Occorre riscoprire la nostra vocazione dell’essere custodi del creato che ci è più familiare e di quello più lontano. Camminiamo nel mondo come creature, amministratori dei beni che ci sono stati affidati e dei quali non dobbiamo impossessarci, ma viverli in una logica di restituzione. Ogni bene viene da Dio creatore, il Sommo Bene, e ciò che ci ha donato non è oggetto di possesso e sfruttamento, ma possibilità di vita e di utilizzo fecondo. La vocazione all’essere custodi inizia dal rispetto per ogni creatura, per le cose che ci appartengono e quelle che sono degli altri, per la cura dell’ambiente in cui viviamo.

COME CUSTODIAMO LA CASA, LA STANZA, LA STRADA?
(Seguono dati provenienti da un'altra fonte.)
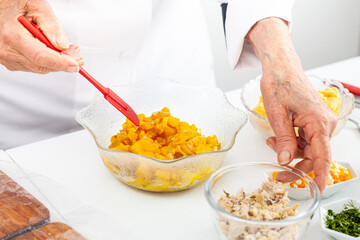 Senior woman preparing the filling for a traditional dish from el Valle del Cauca in Colombia called empanada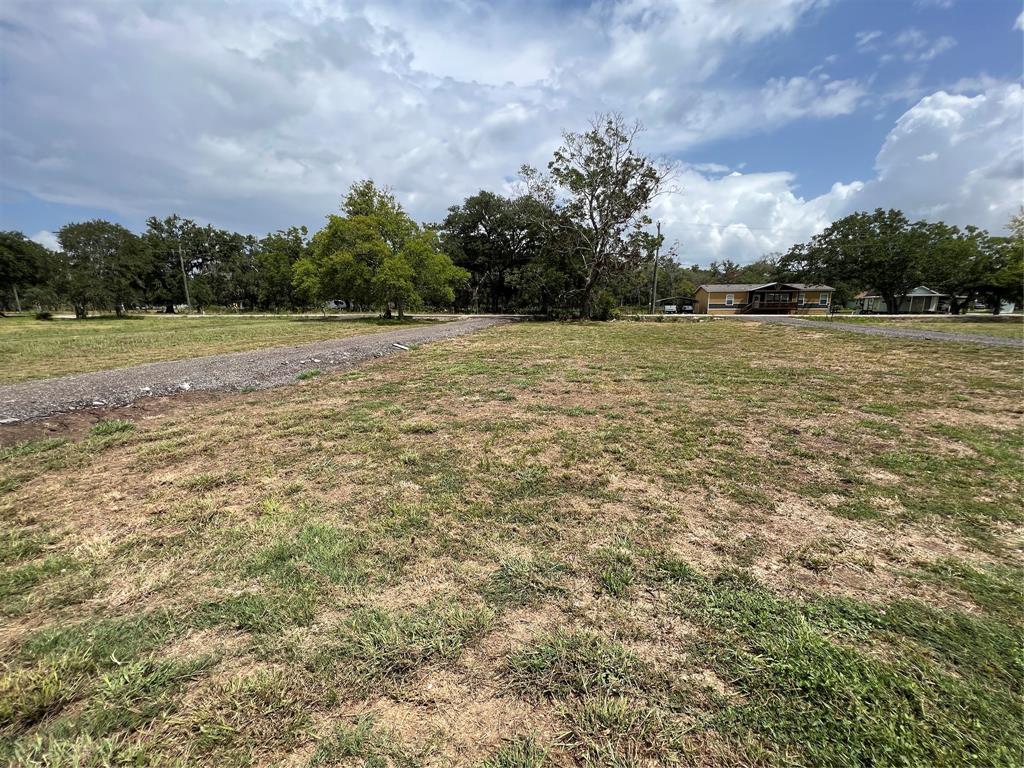 View towards CR 348 showing a driveway on each side of the property.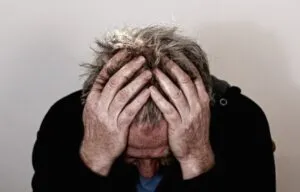 man with head in hands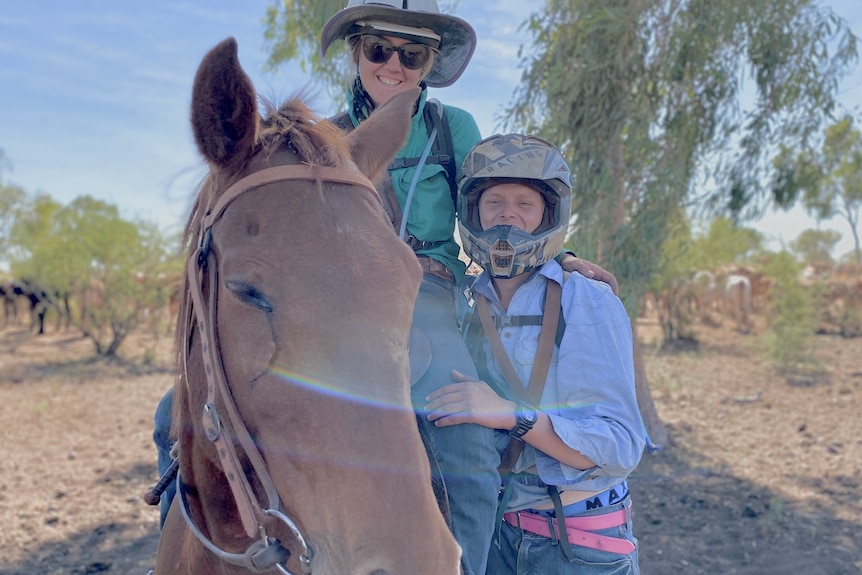 A young woman in hard hat riding a horse, a young man in motorbike helmet stands beside them.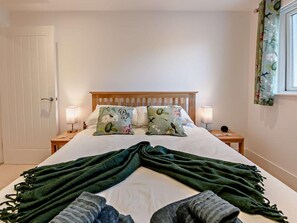 A bedroom with a bed, two bedside tables, a wooden headboard, and a door. - 2 Bed in Plymouth (oc-93195) (Plymouth)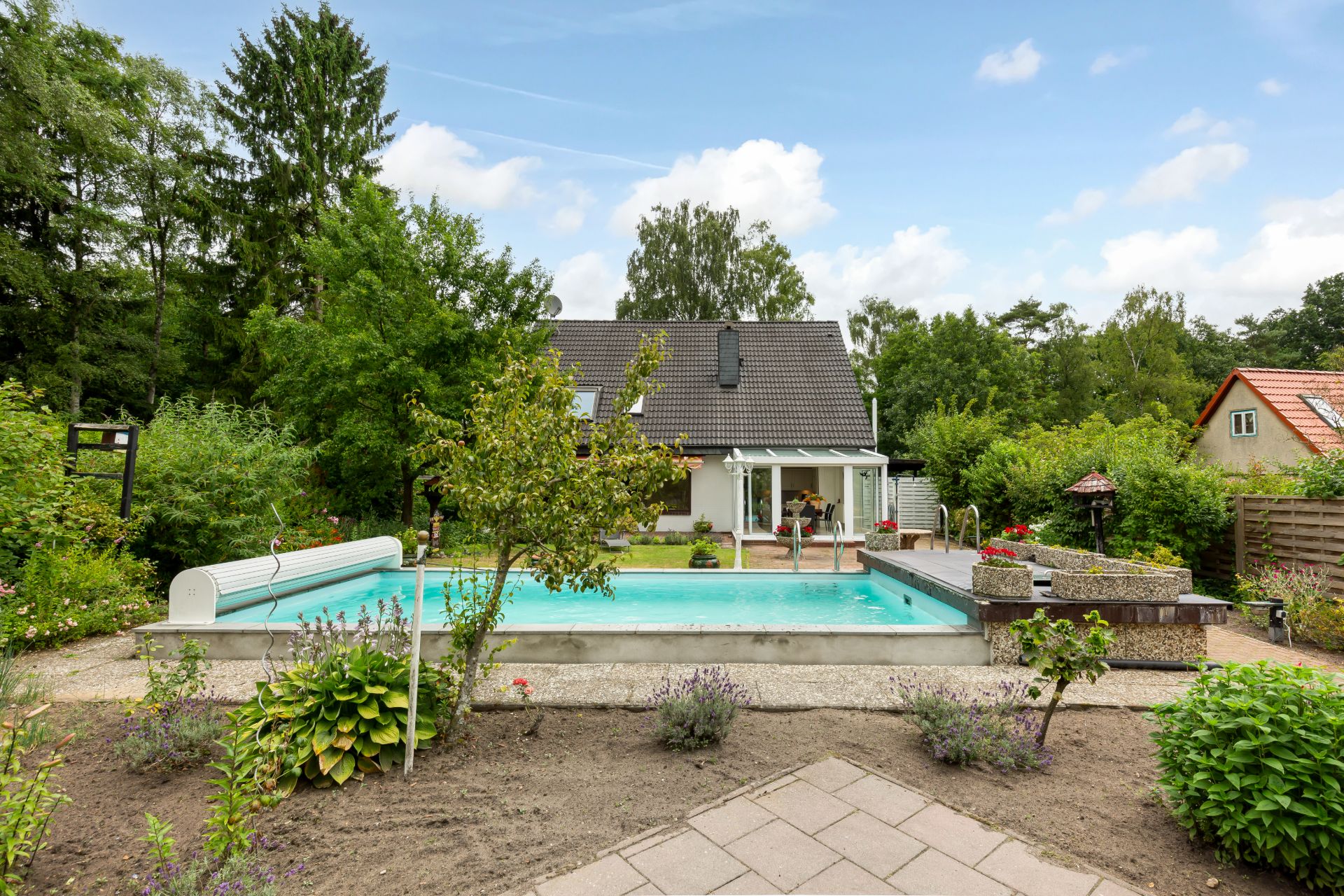 Garten mit Swimmingpool und Bäumen vor einem Einfamilienhaus.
Come custodiamo la nostra casa, la nostra stanza, gli ambienti familiari, di lavoro, le strade sulle quali quotidianamente passiamo, gli edifici pubblici, le scuole? Quale ordine, pulizia … A volte ciò che non è nostro diventa luogo di sporcizia, di inquinamento, di incuria: carte disseminate per terra, muri imbrattati, aiuole calpestate, materiale rotto o sprecato, … La cura della casa comune esige rispetto e l’affermazione non solo dei propri diritti ma anche dei propri doveri. È urgente recuperare un senso di civiltà, di attenzione all’ambiente, per renderlo più umano. Il nostro contributo si declina anche nella ricerca di una bellezza estetica che dica l’armonia di chi abita, in cui avverte di stare in un ambiente bello e buono, privo di ricercatezza e ricolmo di semplicità.

RISCOPRIRE LA SOBRIETÀ

È necessario riscoprire la sobrietà del vivere, dell’uso intelligente dei beni, vigilando su ciò che è necessario e su ciò che è superfluo, scegliendo il minimo necessario e non il massimo consentito. Liberarsi dalla schiavitù delle mode e del pensare comune, del seguire la massa, osando stili di vita alternativi. Il Papa recentemente suggeriva di spegnere la luce quando non è necessaria, di non sprecare l’acqua, di utilizzare mezzi di trasporto pubblico o la bicicletta … Piccoli segni che innescano un cambio di mentalità, uno stile diverso di vita, di costumi. Ma la vocazione del custodire coinvolge anche la premura verso i fratelli, soprattutto i più fragili presenti nelle nostre famiglie, nelle città: è aver cura dei genitori, degli anziani e vivere la polifonia degli affetti che rendono bella l’esistenza con amicizie sincere, gratuite. La sfida e la responsabilità sono gradi perché ci è rivolta la chiamata a collaborare, in ogni età, all’opera creatrice di Dio che, affidandoci il creato, ci rende suoi collaboratori, capaci di continuare la sua opera.